- Born: August 12, 1964 (age 62) Bochum
- Education: Westphalian Wilhelms-University Harvard Medical School
- Scientific career
- Fields: Paediatrician
- Workplaces: Witten/Herdecke University

= Boris Zernikow =

German pediatrician

Boris Zernikow (born August 12, 1964 in Bochum) is a German paediatrician who works in the field of pain therapy and palliative medicine. He holds the chair for child pain therapy and pediatric palliative medicine at the Witten/Herdecke University as well as chief physician at the Vestische Kinder- und Jugendklinik Datteln.

== Career==
Zernikow studied human medicine at the Westphalian Wilhelms-University of Münster from 1986 until 1993 during which he was supported by a scholarship from the Cusanuswerk. He completed the practical year of his training at St. Gallen cantonal hospital, Switzerland, and Harvard Medical School, USA.

After the completion of his medical degree, Zernikow trained as specialist in children's and youth medicine with a focus on pediatric oncology, completing additional qualifications in Pediatric Pain Therapy and Palliative Medicine. In 2004 he habilitated on the subject of “Pain Therapy in Paediatric Oncology – Results of a nation-wide quality improvement program (STOP)”.

In 2002, a team led by Zernikow established the Vodafone Foundation Institute (VIKP) in Datteln at the Children and Adolescent's Hospital. This developed into the German Paediatric Pain Centre (2008) and the Centre of Paediatric Palliative Care (2010). Zernikow has held the chair for Children's Pain Therapy and Paediatric Palliative Care at the Witten/Herdecke University from 2004 and has been chief physician at the Children's Hospital Datteln since 2002.

== Work==
The German Paediatric Pain Centre (Deutsches Kinderschmerzzentrum), with 30 in-patient beds, and adjoining outpatient treatment centre, is one of the largest institutions internationally for the treatment and research of chronic pain in childhood and adolescence. Here, Zernikow has been involved in the development of the multimodal therapy program to treat chronic pain and has co-authored a manual on this topic. The treatment program is distinguished in particular by its short duration but high intensity form. Research supports the efficacy of the program with benefits maintained long term.

In June 2010, the Centre of Paediatric Palliative Care including the eight-bed in-hospital paediatric palliative care unit and a homecare PPC-team was opened at the Children's Hospital Datteln under the ongoing medical management of Zernikow. The Centre of Paediatric Palliative Care has the goal of relieving painful disease symptoms and producing the highest possible degree of quality of life for children and adolescents with palliative diseases in cooperation with the whole family.

===Research===
Zernikow has published more than 140 scientific articles in peer-reviewed scientific journals on the topics of pain therapy and palliative care in children and adolescents in the fields of diagnostic, therapeutic and healthcare research. Additionally, Zernikow has contributed to the following textbooks:
- As editor and co-author: Schmerztherapie für Kinder, Jugendliche und junge Erwachsene (Pain therapy for children, adolescents and young adults). 5th edition. Springer Medizin Verlag: Heidelberg 2015.
- As editor and co-author: Palliativversorgung von Kindern, Jugendlichen und jungen Erwachsenen (Palliative care for children, adolescents and young adults). 2nd edition. Springer Medizin Verlag: Heidelberg 2013.
- As editor and co-author: Practical Treatment Options for Chronic Pain in Children and Adolescents.
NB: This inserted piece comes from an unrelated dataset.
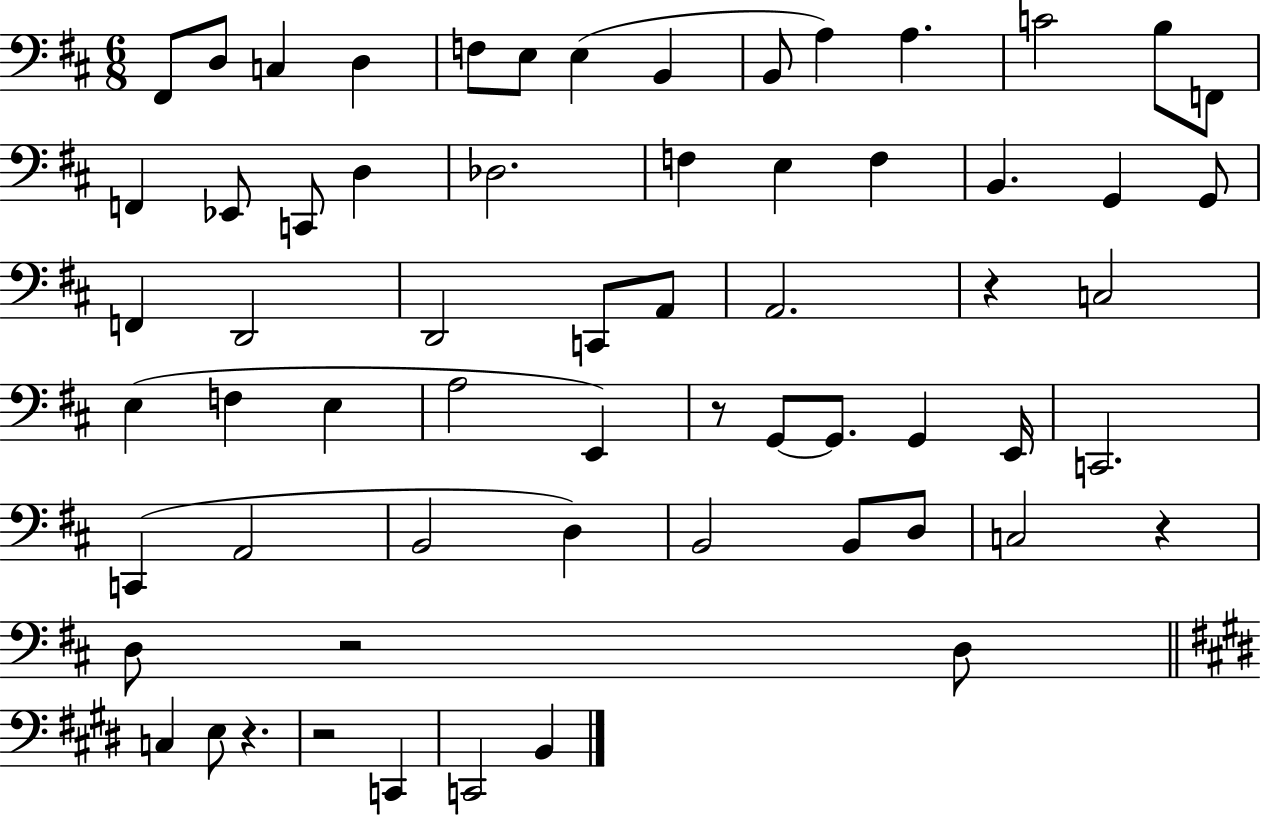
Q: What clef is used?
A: bass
An Interdisciplinary Therapy Manual, Springer: Berlin, Heidelberg 2019.

== Distinctions and prizes ==
- 2004: Award Interdisciplinarity in medicine 2004; German Society for interdisciplinary clinical medicine (Deutsche Gesellschaft für Interdisziplinäre Klinische Medizin (DGIKM))
- 2005: Clinic Sponsoring Prize 2005, awarded by the Bayrische Landesbank
- 2006: Award for pain research 2006 of the German Society for the Study of Pain (category „clinical research“) (Deutsche Gesellschaft zum Studium des Schmerzes)
- 2007: Sertürner Prize 2007 of the Sertürner Society Einbeck e.V. (Sertürner Gesellschaft Einbeck e.V.)
- 2008: Award Leben pur 2008 of the Foundation “Leben pur”
- 2008, 2009, 2012 and 2013: Award for palliative medicine of the German Society of Palliative medicine (Deutsche Gesellschaft für Palliativmedizin)
- 2011: Selected Landmark in the Land of Ideas 2011: Paediatric outpatient clinic
- 2015: Communicator Award - Science Award of the Donors' Association and the German Research Foundation (DFG)
- 2016: "dfg-Award" – winner in the category "outstanding communication and marketing" (in the health care system)
- 2016: Fast Forward Science competition, 1st place in the category "Substance" with the German educational movie: Migräne? Hab ich im Griff! (Migraine: How it works and how to get it under control!)